AVAILABLE DATA.
============================================================

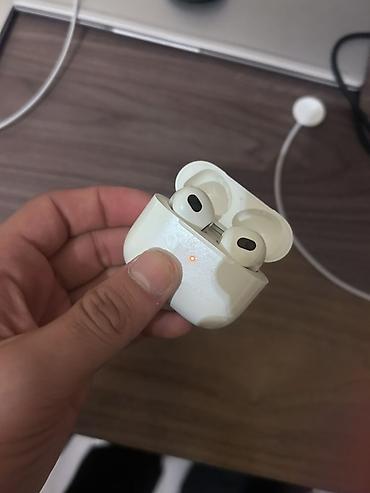 Qulaqcıqlar: Airpods 3 chox ideal veziyyetdedi tam originaldi ucuz satma sebebi — 3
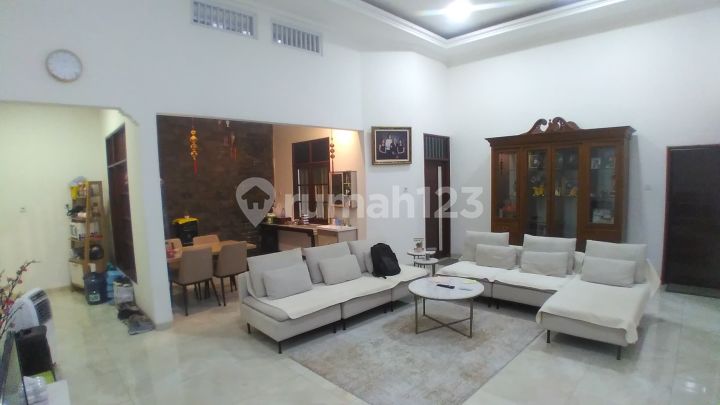 Dijual Rumah Cantik Furnished Di Kemang Pratama 2 , Kota Bekasi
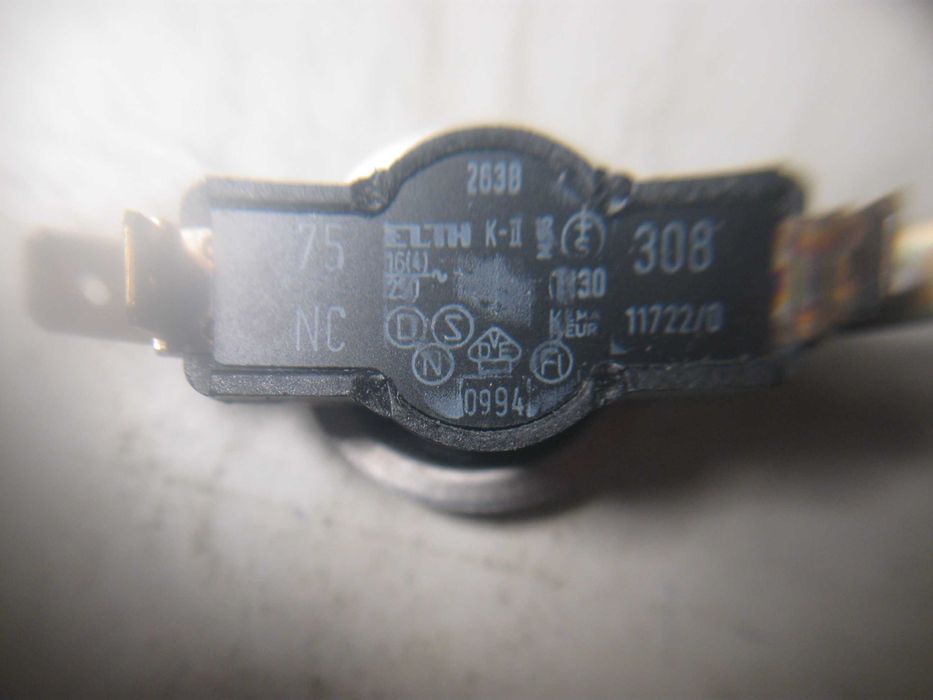 Термостат ст.машинки АRDО 526027101,\хрестовина нові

============================================================

WORK INSTRUCTIONS.
Print the material word for word; images are to be left out.

RESULT OF THE EXERCISE.
 Qulaqcıqlar: Airpods 3 chox ideal veziyyetdedi tam originaldi ucuz satma sebebi — 3
 Dijual Rumah Cantik Furnished Di Kemang Pratama 2 , Kota Bekasi
 Термостат ст.машинки АRDО 526027101,\хрестовина нові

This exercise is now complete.